Single 4" MBRP from the turbo. 
Full AFE intake
Power elbow going into the intake manifold.
ARP head studs
Superchips tuner
egt's
on 37's


At idle, she sounds like a turbine. 
Not too loud on the highway.

Haven't done much research on diesels, but been told not to run duals unless running a larger turbo, head studs, egt's etc...
I do know that too much flow, too big of pipe, will decrease your RWHP.


----------



## DCSpecial (Nov 16, 2008)

Whatever you get, I would recommend T-304 Stainless. 



I run a Ford Racing (Borla) cat-back on my 07. T-304, great fit and quality of construction, all the hangers are welded to the pipe, and it comes with the nice accuseal clamps as well.


----------



## Team Pigeon (Jan 31, 2009)

Ya on the stainless, 

my MBRP is all rusted- except for the tip, but it's an NADP brand. 
Not too sure how the other brands hold up?

Anyhow, I thought it was a real cheap coating, I should of had gotten the alumized set-up.


----------



## jayman3 (Jan 18, 2006)

Team Pigeon;765848 said:


> Ya on the stainless,
> 
> my MBRP is all rusted- except for the tip, but it's an NADP brand.
> Not too sure how the other brands hold up?
> ...


I have MBRP duals on mine sounds stock til you get on it,on the fast idle though you can hear the turbo just winding up.


----------



## metallihockey88 (Dec 12, 2008)

Team Pigeon;765848 said:


> Ya on the stainless,
> 
> my MBRP is all rusted- except for the tip, but it's an NADP brand.
> Not too sure how the other brands hold up?
> ...


the magnaflows are stainless, thats what i liked about them. i might have ot check into the borla's, i love the sound of a borla but with that name comes a hefty price tag usually


----------



## DCSpecial (Nov 16, 2008)

Make sure it's T-304 SS, and not T-409 SS.
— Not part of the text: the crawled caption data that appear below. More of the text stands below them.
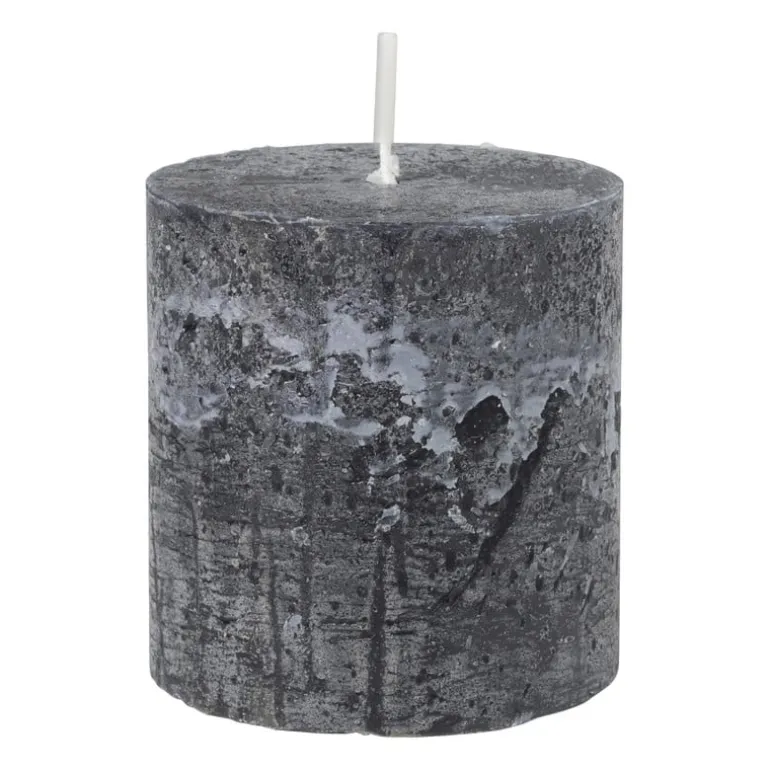 Kaars rustiek - zwart - ø7x7 cm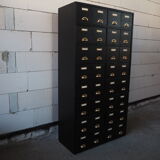 Vintage industrial wooden chest of drawers, apothecary, filling cabinet, 1930s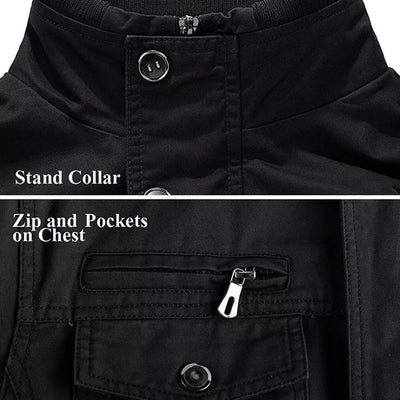Aeroflux Men’s Cargo Military Tactical Jacket – Cotton Bomber Style Combat Coat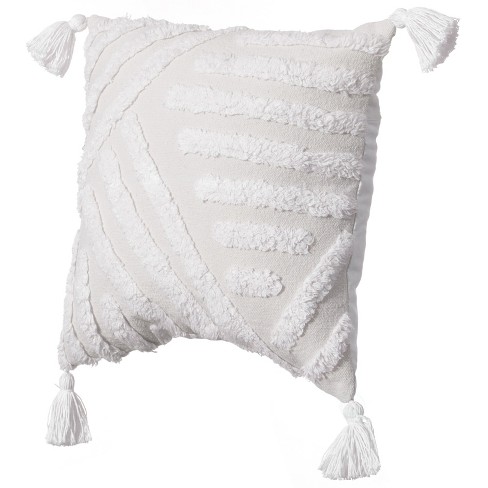 Cotton Lumbar Pillow with Vintage Reproduction Rabbit & Fringe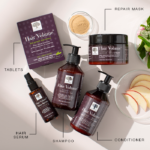 Hair Volume™ producten waaronder repair mask, tabletten, conditioner, shampoo en haarserum.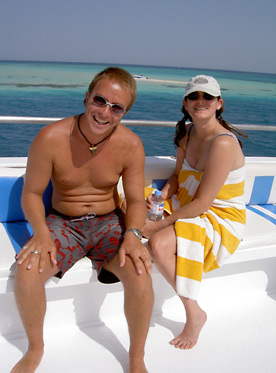 [Chris and Shirley at sea]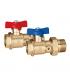 Couple of sphere valves with joint for thermometer, Caleffi 391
T-409 SS still gets surface rust pretty bad.

T-304 SS will not rust.


----------



## Triple L (Nov 1, 2005)

DONT get magna flows, lynden-jeff got a magnaflow and was extremely disappointed with it... sounds almost stock.... I got MBRP and took the muffler off... Gotta love it... Sounds like a F-18 sitting in my driveway when its on high idle LOL


----------



## mc1 (Mar 2, 2007)

go with the mbrp they make great exhaust and have stainless as well


----------



## metallihockey88 (Dec 12, 2008)

i started lookin for sound clips on youtube, not many but found some and you guys are right, the mbrp does sound better...just gotta find a stainless dual now...exhausts dont last long out here, they salt like its free out here


----------



## BigDave12768 (Nov 17, 2006)

I have the MBRP cool Duals on my truck. But I personally would not waste the extra loot on t304 SS unless you plan on keeping the truck for more than 10 years. I bought the Aluminized ones 3 years ago and thay have not started to rust at all. Spend the 400 on something else and let the next guy who buys your truck worry about the exhaust


----------



## DCSpecial (Nov 16, 2008)

For short term I'd definitely go Aluminized over T-409 SS. 
T-409 will get a good amount of surface rest in the first year or two.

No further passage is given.